Crowdfunding is a legitimate way in which people and businesses (including start-ups) can try to raise money from the public, to support a business, project, campaign or individual. However rather than asking a few people to make a large investment, Crowdfunding uses the internet to contact thousands if not millions of people to invest in smaller amounts.
The method will usually involve those sourcing the funding to set up websites and use modern social media techniques alongside traditional networking such as family and friends to reach out to investors.
The NFIB’s proactive intelligence team has said that this type of investment is growing rapidly in popularity, and being primarily internet based, will be exploited by “boiler rooms” looking for new ways to target well meaning investors.
There are 3 types of crowdfunding:
- Donation or reward crowdfunding – People want to donate because they want to support the organisation or cause. Rewards can be offered such as free gifts or concert tickets but “donors” often expect nothing back.
- Debt crowdfunding or peer-to-peer lending – This enables investors to lend money to good causes whilst bypassing the banking system. Investors can expect their money to be returned with interest.
- Equity crowdfunding – This is an investment in exchange for equity such as shares or a small stake in a business or project.
The Financial Conduct Authority (FCA) offers advice in relation to crowdfunding and they make it clear that whilst they do regulate peer to peer and equity based schemes, they consider them to be “high risk”. The FCA does not regulate any donation or reward crowdfunding. For more information about crowdfunding and the potential risks please see the information on FCA website.

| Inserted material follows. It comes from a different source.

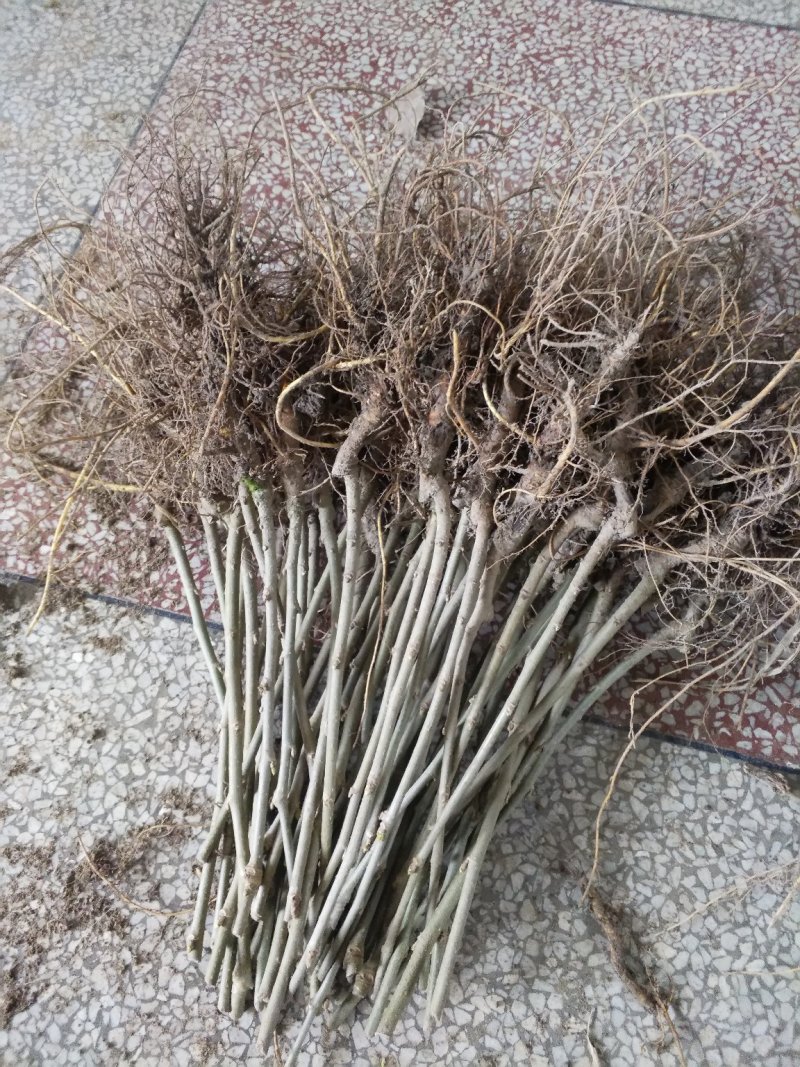 黑珍珠果桑（味甜耐寒品种南北方都可种植)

The NFIB’s proactive intelligence team spoke to convicted fraudster and they said: “Commission or charges of 80% for crowd funding and peer to peer will be the next biggest fraud boiler rooms will utilise as it’s difficult to regulate. Fraudsters are likely to return to the UK from the rooms abroad for crowd funding opportunities. This will be the next biggest scam for boiler rooms”.
Protect yourself against investment fraud
- If you’re considering any type of investment, always remember: if it seems too good to be true, then it probably is. High returns can only be achieved with high risk.
- If you get a call out of the blue, be wary; if in doubt don’t be polite, just hang up.
- Take the time to seek independent legal or financial advice before making a decision.
- Always check the credentials of the company you’re dealing with. Check for known fraudulent organisations at the FCA.